EMILY HALLOCK (this article was published in October 2012)
Each week, we rummage through the dark corners of our kitchen drawers to bring you an enigmatic item. We ask you to guess what it is in our weekly From the From the Back of the Drawer puzzle. To enter this week’s puzzle, visit this page. To read more descriptions of past items, visit this page. And, don’t forget to donate your odd items to the Southern Food and Beverage Museum.

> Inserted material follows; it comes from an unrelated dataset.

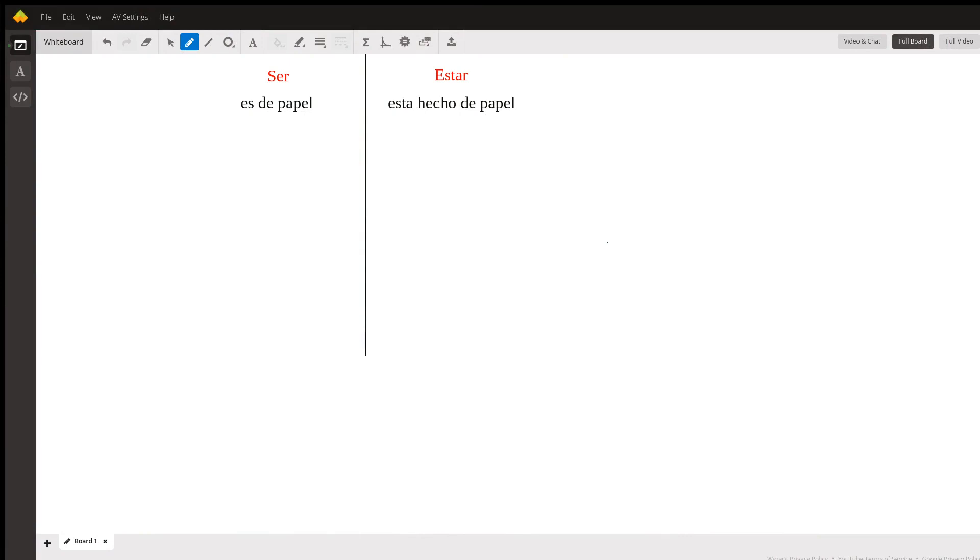You're right that this is a pretty hard question, because when we think of general uses of ser versus estar, you would think that ser is used for the permanent state of something and estar is used for the temporary state of something.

This week, we found an ice crusher!
In the early 20th century refrigeration exploded onto the scene of American culture. No longer did ice need to be hauled from the peaks of mountains only to half melt by the time it reached customers who paid an exorbitant amount of money for it. No longer did food go bad within a day or two due to the inability to keep it cold. By the 1930’s, the refrigerator had become a practical household appliance due to the discovery of Freon, a gas much less toxic than ammonia and sulfur dioxide which had previously been used for refrigeration appliances. These safer, more affordable pieces of equipment found their way into almost every home, and with them, the ability to keep food cold, and make ice.
Having only ever been produced in restaurants and surely seen as a luxury item, homemade ice and the culture surrounding it, took off. The 1950’s saw a surge in kitchen appliances and cookbooks focused on chilled food items and drinks. One of these appliances was the Rival Ice-O-Mat ice crusher. With three different settings and a handy removable compartment
you can crush enough ice for whatever you need! Need to keep shrimp cold at a party? Need to cool that gimlet to near freezing temperatures? Have no fear! The Ice-O-Mat can crush as much ice as you’ve got!
It became a culture of coolness. Suddenly everything was enjoyed at a cooler temperature. Hot chocolate became iced chocolate. Ice cream became the new favorite dessert. Gelatins and aspics were everywhere. Of course, everything is exciting when it’s new, but nowadays we’ve come to take having ice at our fingertips for granted when that was not always the case. So the next time you’re out and about on a hot, sunny day and you buy yourself an ice cold refreshment, think about all the history encompassed by that single cube of ice.
Our Rating: Save it! You don’t find appliances like these anymore and
having one could definitely start a few conversations.
Design: Great! Although it is a single-use appliance, having crushed ice is
never a bad thing.
Originality: Good. There are quite a few simpler ways to crush up some ice,
but this is probably one of the more fashionable and fun ways!
Practicality: Great in the 1950’s! Now, not so much. Most people can get
crushed ice from the door of their refrigerator! This is more of a collectible
antique than an appliance to be used today.